For the practical use of the power amplifier, the assurance of reliability is very important when the power amplifiers (PA) work in large signal mode [5]. In microwave frequencies, hot carrier injection (HCI) is a dominant mechanism of the power performance degradation [35]. To evaluate the performance degradation, substrate current needs to be known [36]. From the dc test and RF load test, lifetime can be calculated [5]. First, from the dc reliability tests, we can get an expression relating lifetime ( $T_{50}$ ), where the drain currents in 50% of the transistors decrease by 10%, and substrate current under dc operation. Second, through the RF load circle, the substrate current can be calculated and accumulated. Finally, from the comparison of the average substrate current and that under dc operation, we can calculate the lifetime.

Accurate measurement in the mm-wave frequency band is relatively difficult, which will directly influence the accuracy of models. A major source of inaccuracy is the de-embedding procedure. The inaccuracies are higher when the frequency is higher.
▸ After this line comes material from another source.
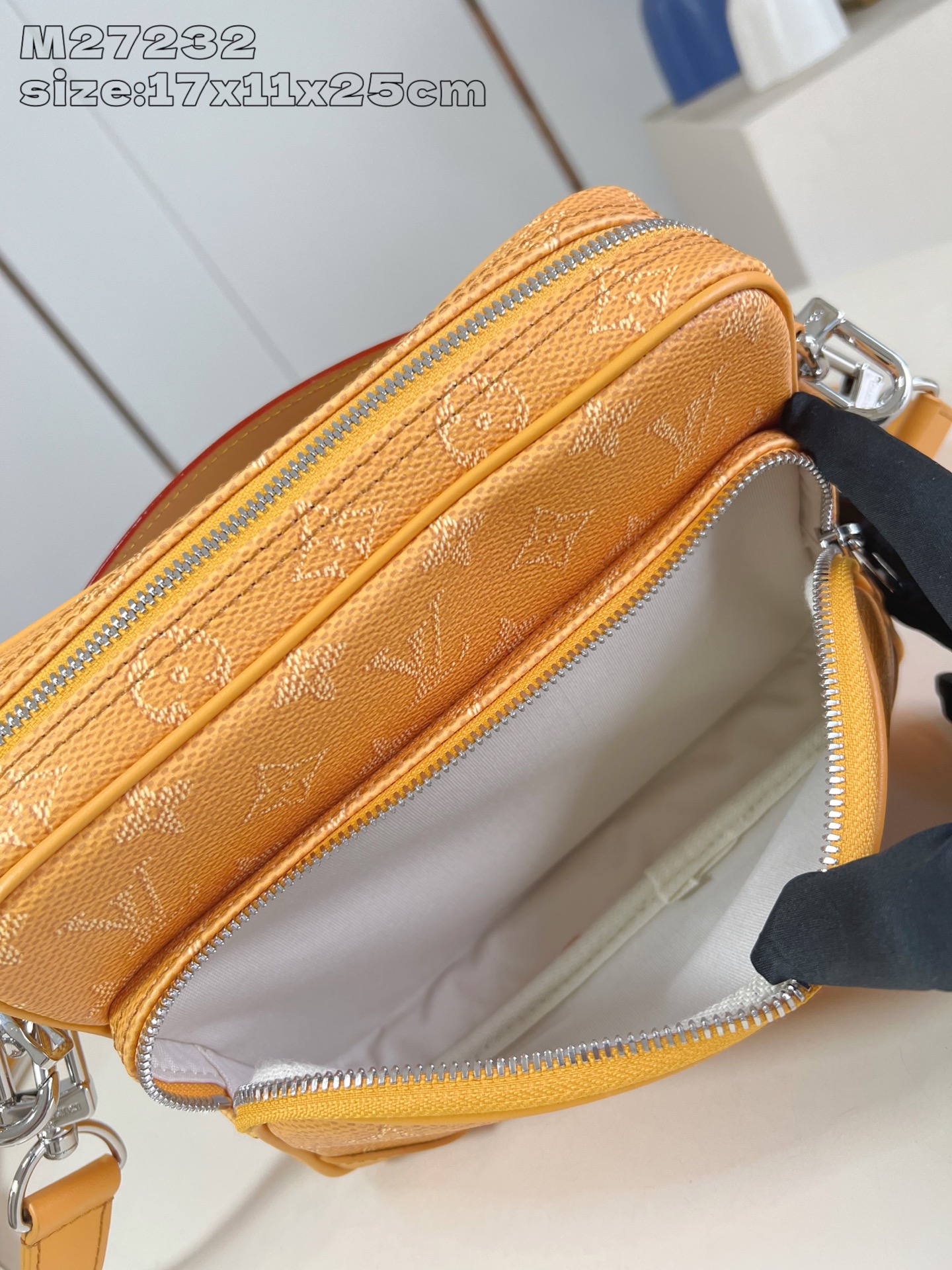 Louis Vuitton Crossbody Bag Canvas M-l-s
A model-based de-embedding approach dubbed *recursive modeling* is designed to resolve this problem [37]. The modeling is done in a recursive way of multiple steps. At the beginning step of this method, a ground probing pad based on an equivalent circuit is modeled. Then the transmission line is modeled based on the pad models. A transmission line model including the complex characteristic impedance and the propagation constant is used in the transmission line model. Finally, the two models, of the pad and the transmission line, are used for the measurement of the device under test (DUT). The result obtained in each step is used in the next step, so it is called *recursive modeling*. This step improves the accuracy of de-embedding the procedure and makes the result of the other DUTs more dependable.
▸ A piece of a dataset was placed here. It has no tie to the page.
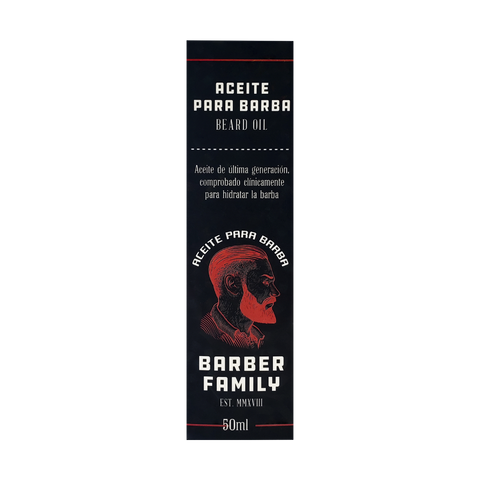Aceite Barba Barber Family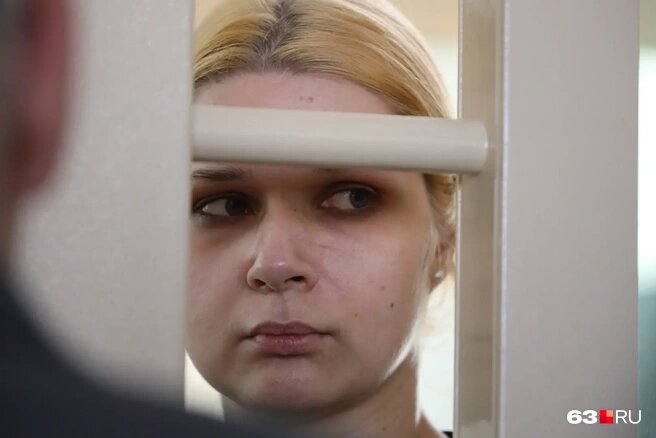 Судя по ее выражению лица, Екатерина сильно негодовалаИсточник:Роман Данилкин / 63.RU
As the operating frequency gets closer to the transistor cut-off frequency, device parasitics extremely reduce the power gain. Layout optimization is very important to minimize the parasitics of the transistor cell, especially the gate resistance (rg) and gate-to-drain capacitance (Cgd) [37]. Besides, interconnects around the transistor introduce parasitic resistances and inductances, which are not scaled with technology, and degenerate the transistor performance because of the use of large transistors in PA [7].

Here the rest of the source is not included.